[Items from a data source]

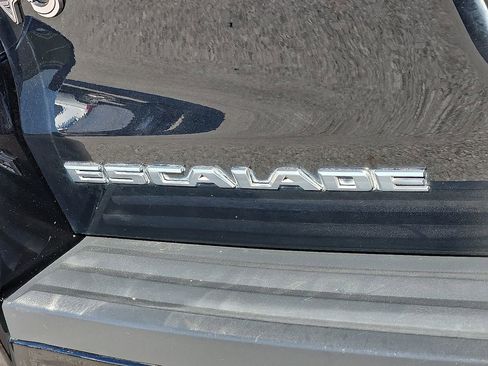Used 2020 Cadillac Escalade Luxury w/ Escalade Sport Edition image 14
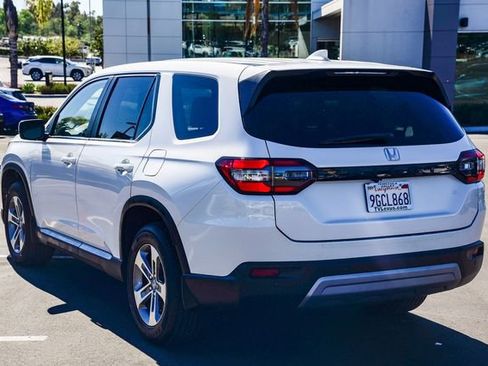 Used 2023 Honda Pilot EX-L image 4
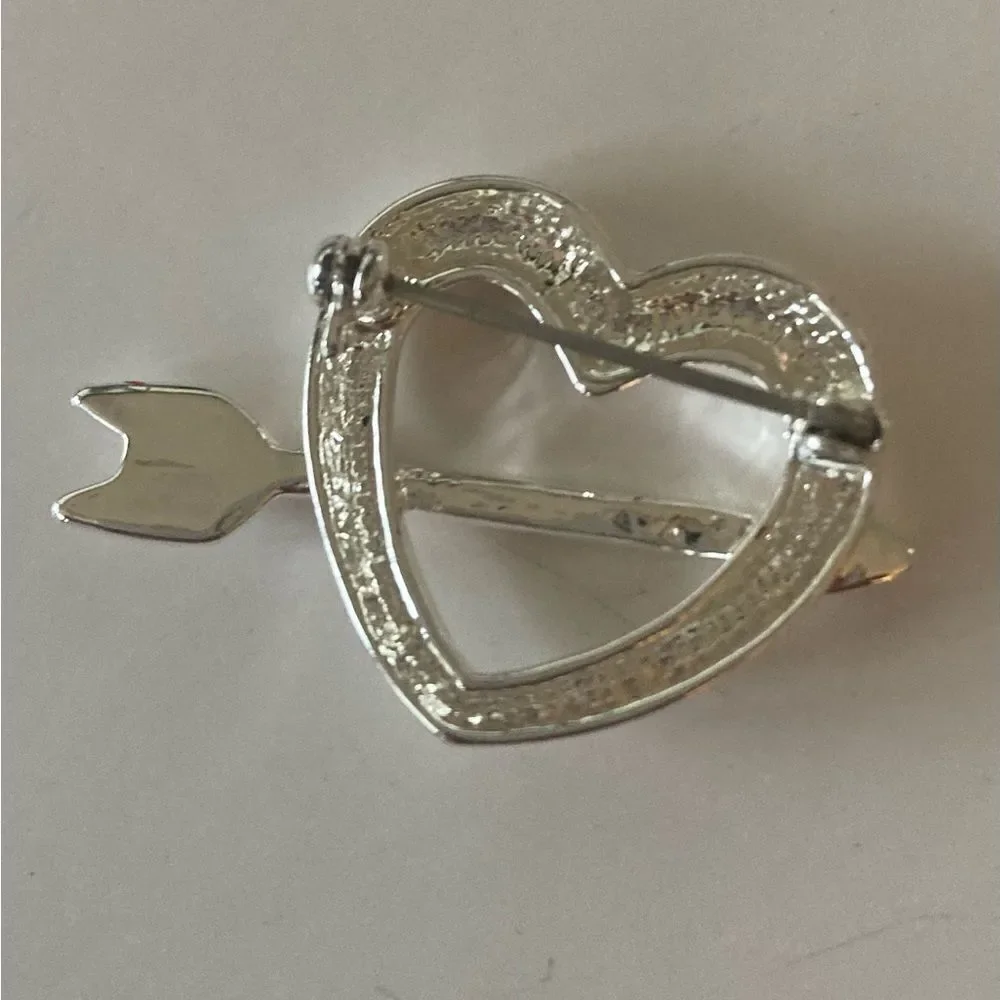 Gerry’s vintage heart arrow pin brooch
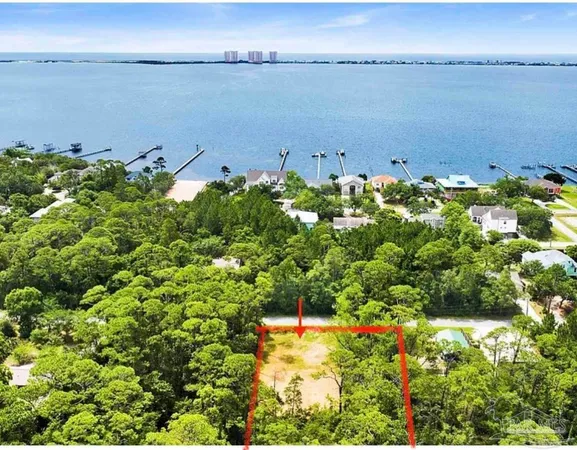 $165,000 | 3026 Laurel Drive, Gulf Breeze, FL 32563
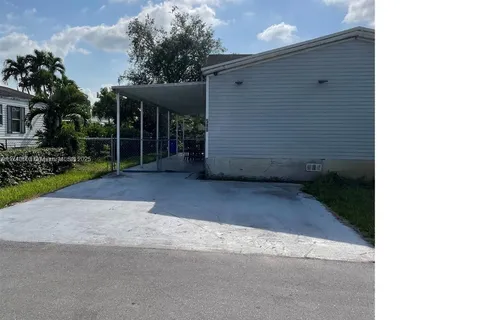19800 SW 180th Ave # 588, Miami FL 33187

Instructions for the task |
Retype, without any picture, exactly the lines from the one with "Breeze, FL 32563" through the end of the entries, inclusive.

Exercise solution |
 $165,000 | 3026 Laurel Drive, Gulf Breeze, FL 32563
19800 SW 180th Ave # 588, Miami FL 33187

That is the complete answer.